> [PROBLEM REQUIREMENTS]
Could you restate the entries below word for word and leave out the pictures?

※ ※ ※

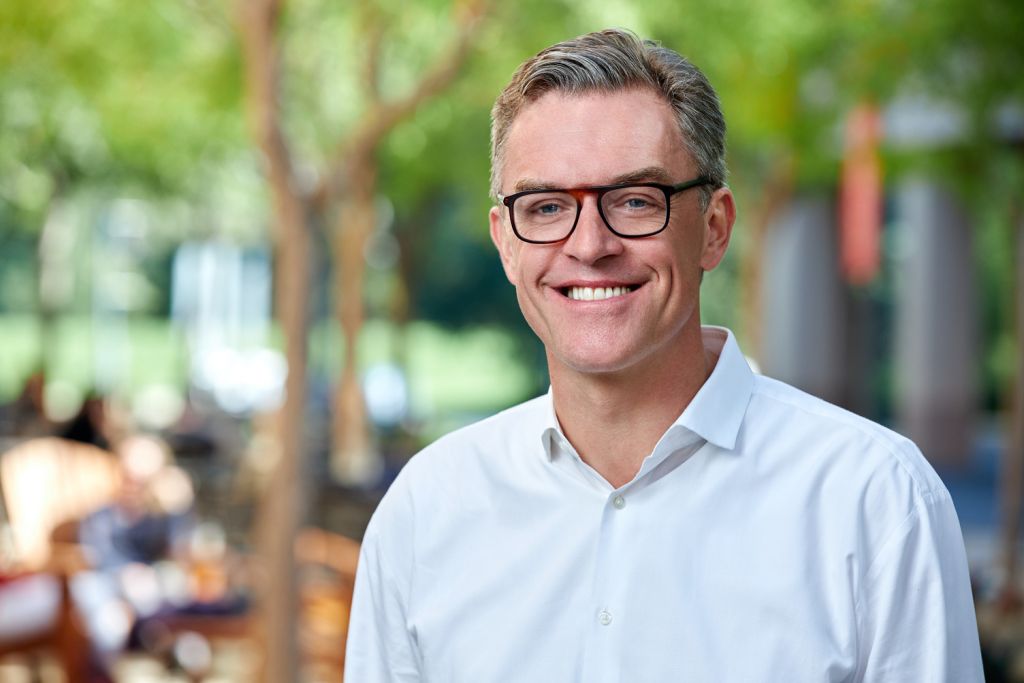 Hanno Lustig smiles for a professional headshot outdoors, wearing glasses and a button-down shirt.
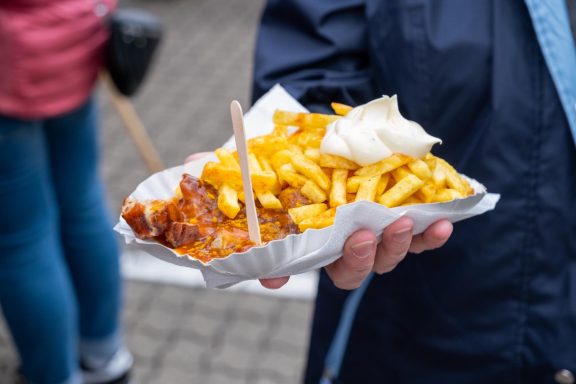 Pommes mit Sauce und einem Klecks Mayonnaise in einer Pappschale, handgehalten.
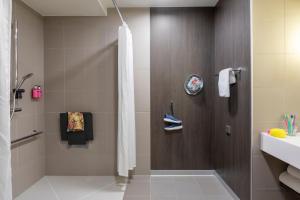 a bathroom with a shower and a sink at Moxy Aberdeen Airport in Dyce
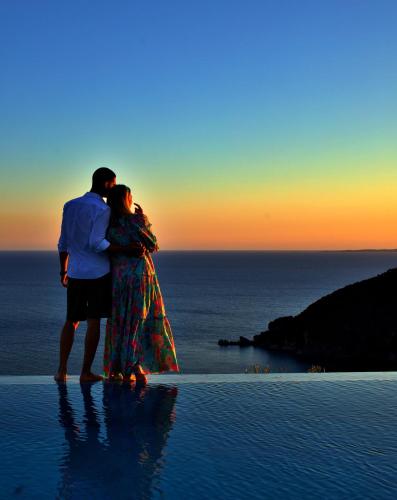 a man and a woman standing on the edge of the ocean at PARGA Villas Collection in Parga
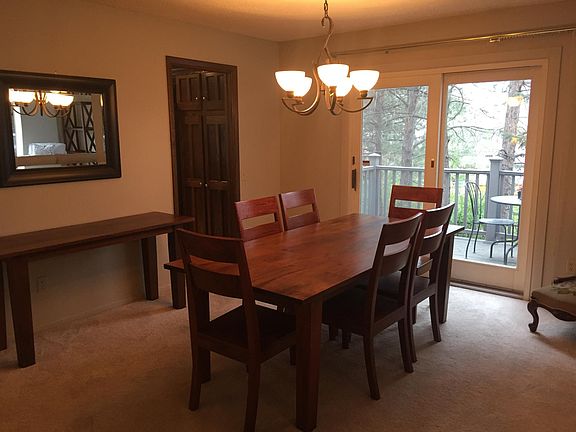 Formal dining room looking out onto the north sitting deck. Great for morning coffee or enjoying evenings before sundown.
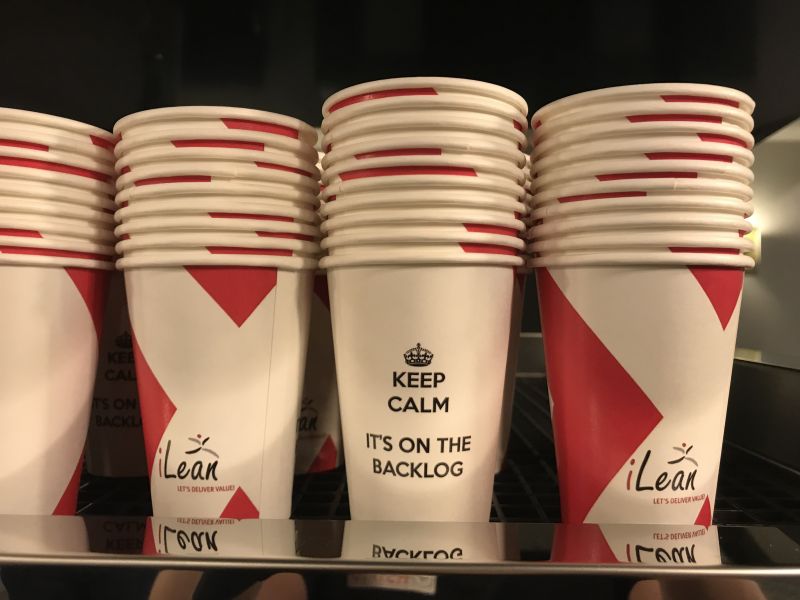 Stacks of paper cups reading: Keep calm, it's on the backlog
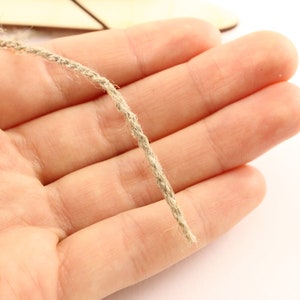 May include: A close-up of a natural twine string, held in a hand, against a white background.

※ ※ ※

> [TASK ANSWER]
 Hanno Lustig smiles for a professional headshot outdoors, wearing glasses and a button-down shirt.
 Pommes mit Sauce und einem Klecks Mayonnaise in einer Pappschale, handgehalten.
 a bathroom with a shower and a sink at Moxy Aberdeen Airport in Dyce
 a man and a woman standing on the edge of the ocean at PARGA Villas Collection in Parga
 Formal dining room looking out onto the north sitting deck. Great for morning coffee or enjoying evenings before sundown.
 Stacks of paper cups reading: Keep calm, it's on the backlog
 May include: A close-up of a natural twine string, held in a hand, against a white background.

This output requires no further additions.